Aber nicht nur in unterbezahlten, „prekären“ Jobs wird Arbeit sehr häufig als krank machende, nämlich überfordernde Zumutung empfunden: Dreiviertel, aller Arbeitenden zwischen 30 und 40 Jahren klagt über Erschöpfung am Arbeitsplatz, verursacht vor allem durch Leistungs- und Zeitdruck. Der wiederum entsteht, wenn mit einer viel zu dünnen Personaldecke gearbeitet wird und weil die realen Arbeitszeiten länger als die tariflich vereinbarten sind. Genau das war der Grund für den Europäischen Gerichtshof und das Bundesarbeitsgericht, eine gesetzliche Regelung für die Erfassung sämtlicher Arbeitszeiten zu fordern.
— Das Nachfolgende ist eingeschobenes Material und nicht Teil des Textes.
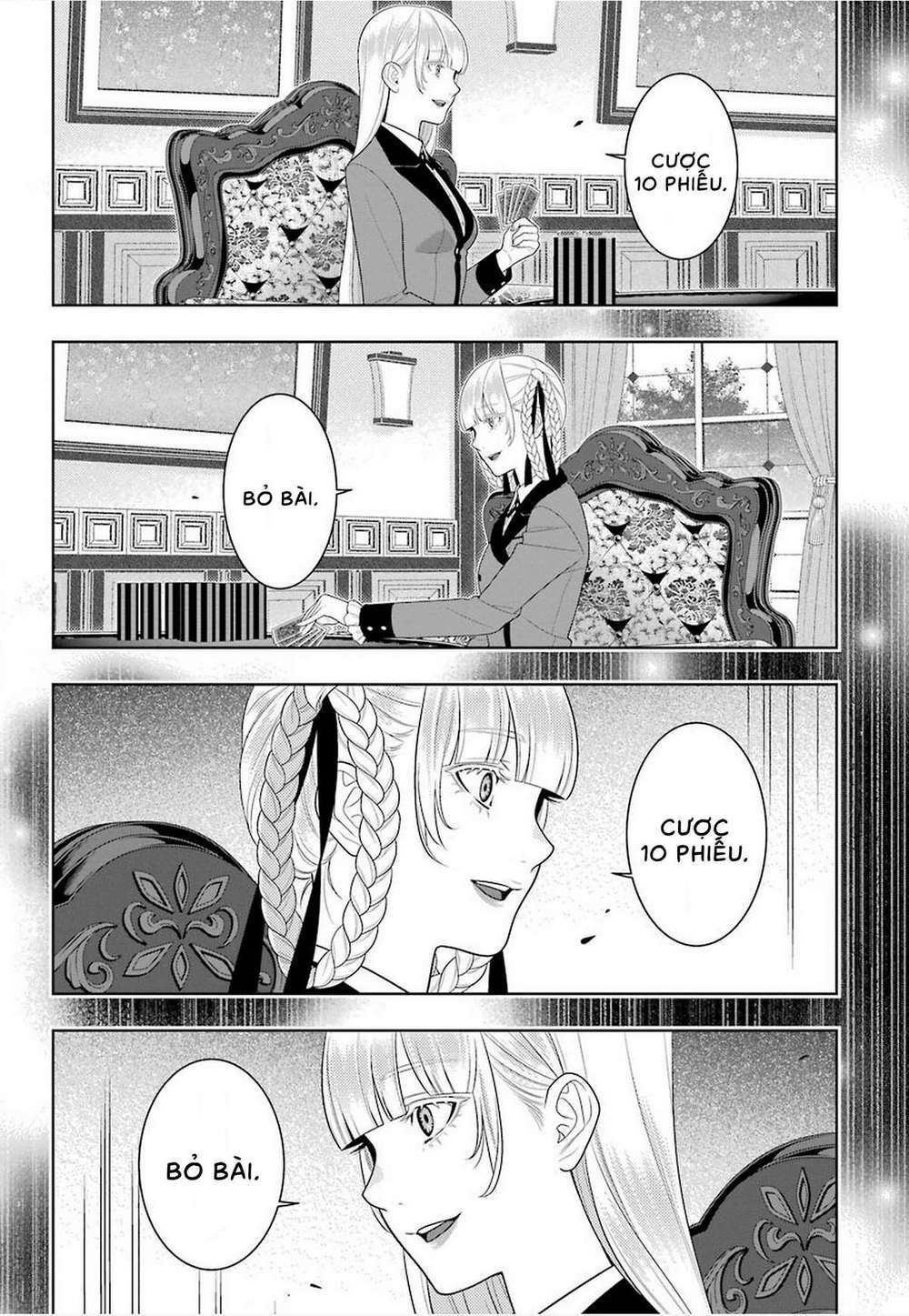 Kakegurui Chapter 88 - Trang 2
Aus den schönen Zukunftsträumen des jungen Marx, ein Leben ohne Lohnarbeit zu führen, – „morgens zu jagen, nachmittags zu fischen, abends Viehzucht zu treiben, nach dem Essen zu kritisieren, wie ich gerade Lust habe“ – ist nichts geworden. Und auch nichts aus der Prophezeiung des Ökonomen Jeremy Rifkin vom „Ende der Arbeit“ – durch Digitalisierung und Künstliche Intelligenz.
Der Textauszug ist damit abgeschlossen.